When we are talking about the transmission line, are the line and phase values differ by 1.73?

V(line) = 1.73*V(phase)

I(line) = 1.73*I(phase)


----------



## Flyer_PE (Mar 1, 2010)

VLine = sqrt3 * VPhase

ILine = IPhase


----------



## z06dustin (Mar 1, 2010)

Flyer_PE said:


> VLine = sqrt3 * VPhase
> ILine = IPhase


This is assuming a delta connected line FYI.


----------



## Flyer_PE (Mar 1, 2010)

^If all you are given is a 3-phase line with a black box on either end, the math still works the same. As far as the line is concerned, it doesn't matter whether the source is connected delta or wye.


----------



## z06dustin (Mar 1, 2010)

Flyer_PE said:


> ^If all you are given is a 3-phase line with a black box on either end, the math still works the same.
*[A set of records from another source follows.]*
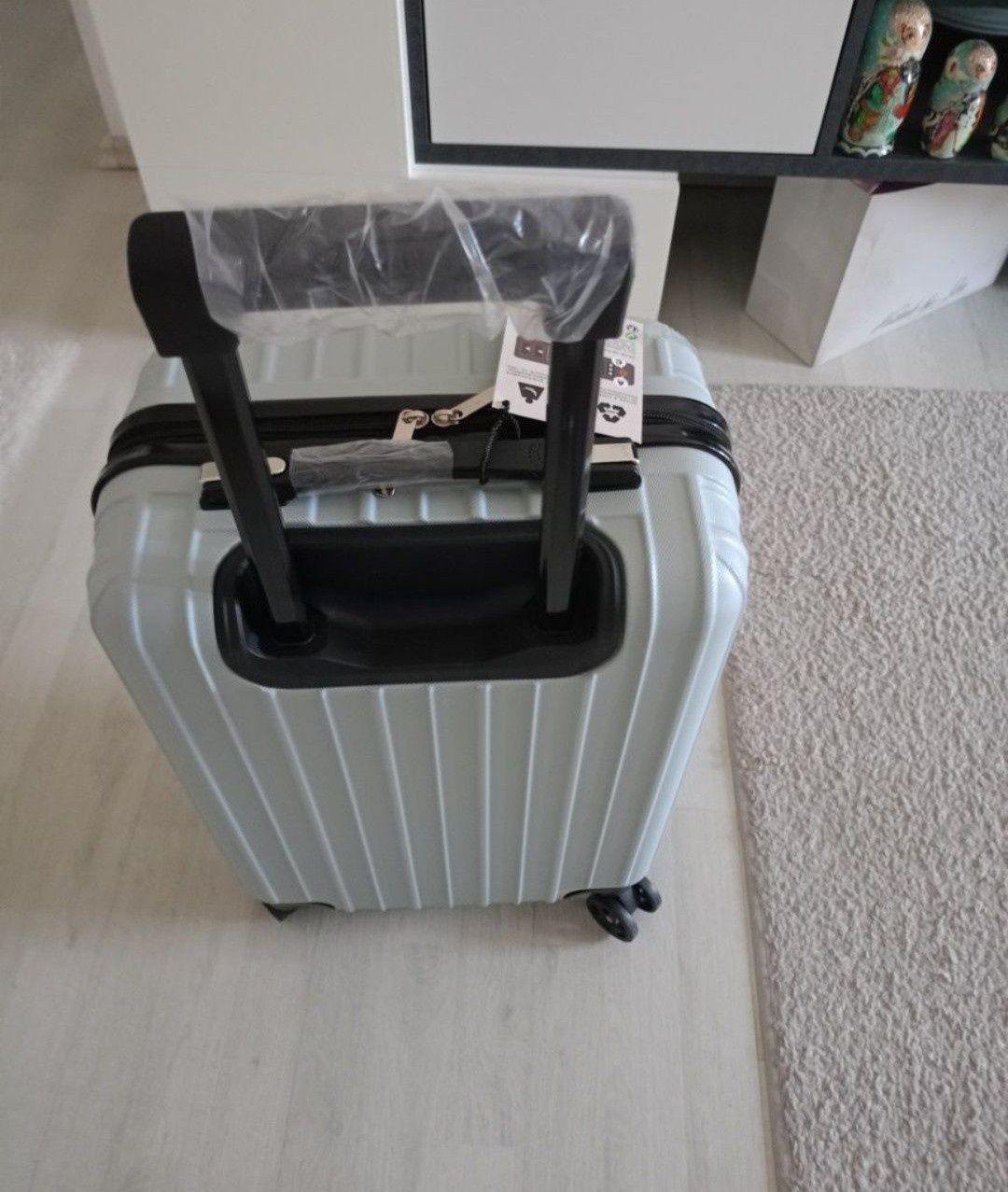 Vând troler 55 cm, nou produs de calitate superioara.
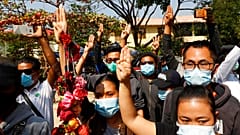  Mit Symbolen gegen den Putsch: Protest in Myanmar nimmt zu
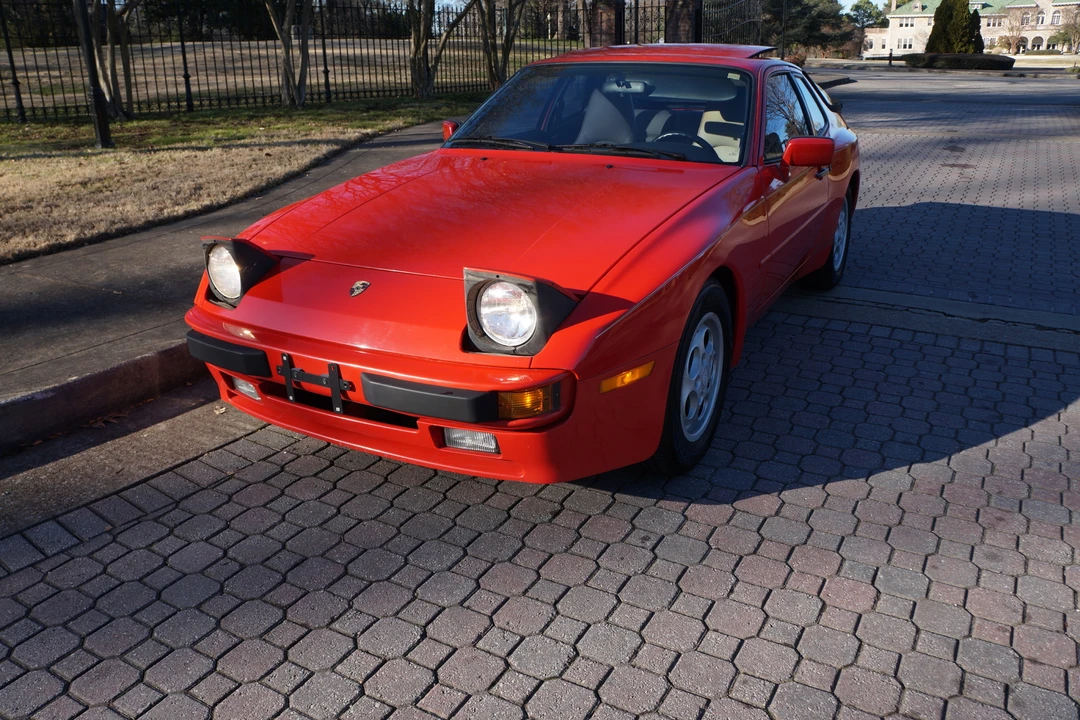 1987 Porsche 944 - Image 11 of 31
As far as the line is concerned, it doesn't matter whether the source is connected delta or wye.


Ah yes you are right, assuming a delta connected *load* not line.

Thx flyer.


----------



## CLTEE49 (Mar 3, 2010)

z06dustin said:


> Flyer_PE said:
> 
> 
> > VLine = sqrt3 * VPhase
> ...



Umm... isnt that for a wye connection?

Delta

Vline = Vphase

Iline = 1.73*Iphase


----------